Another Turkish evacuee saw dead men hanging in the street.

"Our construction site was burned down. The looters came.

There were a few men hanging from poles, electric poles," Serdar Taskin, who worked for the Mammar Arabia company in Benghazi, told the AP in Marmaris. He did not know if the dead were protesters or Gadhafi supporters.

George Suchomel, a Canadian from Collingwood, Ontario, who works for the German construction company Arcadis, said his company's offices and lodgings in Benghazi were raided and cars and electronic equipment were looted.

Suchomel, who was evacuated by a Turkish ship, gave AP a video that he said was given to him by militiamen in Benghazi to smuggle out. It showed the aftermath of a scene in which a military tank seems to have run over a red car with some people still trapped inside and others running around frantically and shouting.

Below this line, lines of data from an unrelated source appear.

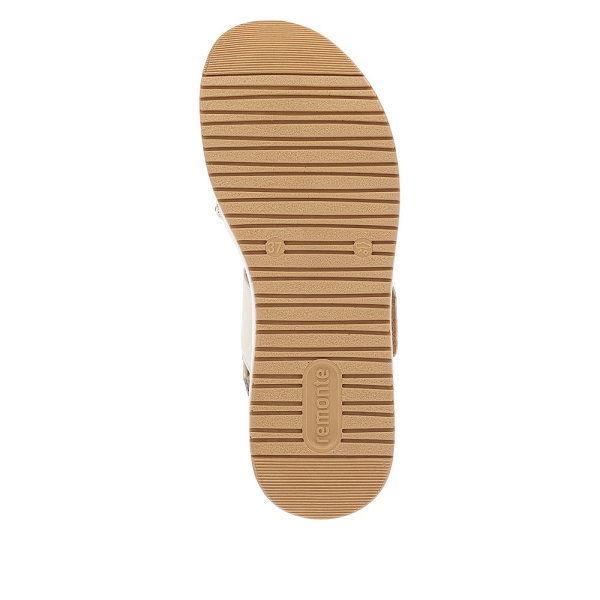 Remonte nu pieds et sandales d1j53 60 beigeB854101_3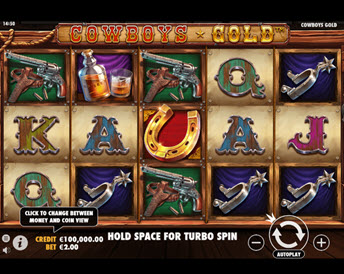 cowboys gold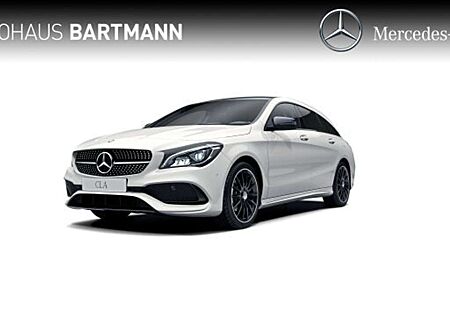 Mercedes-Benz CLA 200 SB AMG+PANO+ LED+NAVI+KAMERA+NIGHT+GARAN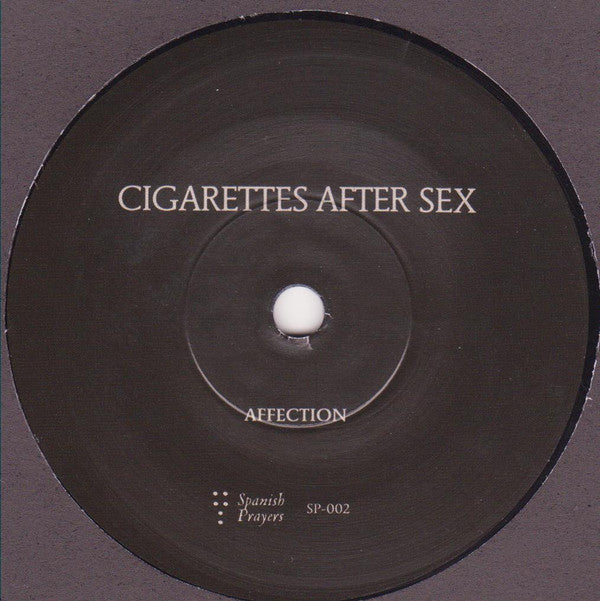 Affection 7" | Mint (M) Mint (M) - POP *NEW*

Germany rerouted two navy frigates and one support ship to help with evacuations and had two military aircraft on standby in Valetta, Malta.

Libyan authorities, meanwhile, were making it difficult for airlines to obtain landing permits for charter flights into Tripoli. That, and other operational and safety problems including deteriorating airport security, forced some airlines to halt operations in Libya.

Germany's Lufthansa and Austrian Airlines on Thursday suspended flights to Tripoli, as did Italian carrier Alitalia, one of the last commercial airlines flying out of the chaos-wracked country.

Several hundred of the 1,500 Italians in Libya have already left.

In addition to its maritime effort, Greece sent three military transport planes to Libya on Thursday to bring home 300 citizens, most of them construction workers.

A plane carrying 125 Ukrainians and 38 foreigners from Libya landed at Kiev's Boryspil airport early Thursday. A Polish government plane that was supposed to carry 80 Poles back home arrived in Warsaw with only 15 Poles and several foreigners because many people could not make it to Tripoli's airport.